By Shermain Bique-Charles
A group of concerned leaders in the global investment migration industry wants, as a matter of urgency, a meeting between the Prime Ministers of countries with Citizenship by Investment Programmes (CIPs) and the President of the European Commission.
The latest recommendation follows calls in February by the European Parliament for the European Commission to come up with a plan requesting that all countries with CIPs close down those programmes as soon as possible.
The group insists that if implemented, this plan would be devastating to all countries with CIPs in the Caribbean, as CIP funds constitute a significant percentage of their annual GDPs.
A virtual meeting was held among members of the investment grouping recently, to discuss ways to help the targeted Caribbean nations. It is their belief that all CIP countries need to act swiftly in order to safeguard their economies.
Apart from the meeting, the body which represents all CIP countries said an avenue must be made to explain to the European Commission the depth of global due diligence performed on all applicants, including using the services of international due diligence firms as well as various national and international law enforcement agencies.
The EU must, according to the leaders, be informed about the importance of the CIP industry to the economies of these countries and to their local populations.

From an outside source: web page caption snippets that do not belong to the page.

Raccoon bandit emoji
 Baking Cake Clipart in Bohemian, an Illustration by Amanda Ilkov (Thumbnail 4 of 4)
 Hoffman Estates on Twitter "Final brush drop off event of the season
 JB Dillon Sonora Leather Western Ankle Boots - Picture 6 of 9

Another recommendation is for a meeting with officials of the European Commission, including the CIP governments, due diligence agencies, as well as members of the legal, banking and financial services communities of the CIP countries, in addition to a dialogue with the EU parliamentarians to address their concerns.
Stéphane Tajick, a leading investment migration researcher and industry stakeholder, said that the June 15 deadline for the EU Commission to report to parliament is drawing closer, leaving little time to address the grave issue
“I don’t think the situation developing in Europe has sunk in quite yet. It seems that local politicians are not realising how much poorer their country and their constituents are about to get if the EU Commission abruptly forces the closure of their CIPs,” Tajick said.
Adding, “the five Caribbean CIP countries are being put on “trial” in Brussels right now, without any invitation to defend themselves. If the local leaders don’t start putting up a defense by mid-May, it might be too late. The consequence of the EU Commission verdict might affect Caribbean people for generations”.
Tajick said other industries in the Caribbean could crash if the CIP is no more.
“We are talking about 20% – 50% of government budget wiped out. The tourism industry will be in tatters, and many active hotel projects are dependent on CIP investors to raise capital. In those countries, everyone is about to get much poorer.”
Last month, Prime Minister Gaston Browne said his government had stepped up its efforts to stave off moves by the EU to derail the CBI, indicating that he has sent a letter to the EU on the issue.
“I have taken the opportunity to write to them, to let them know the impact that they are about to inflict on our CIP programmes and the impact on our economies,” said Browne, who had earlier called on member countries of the Organisation of Eastern Caribbean States (OECS) to provide a united front on the issue.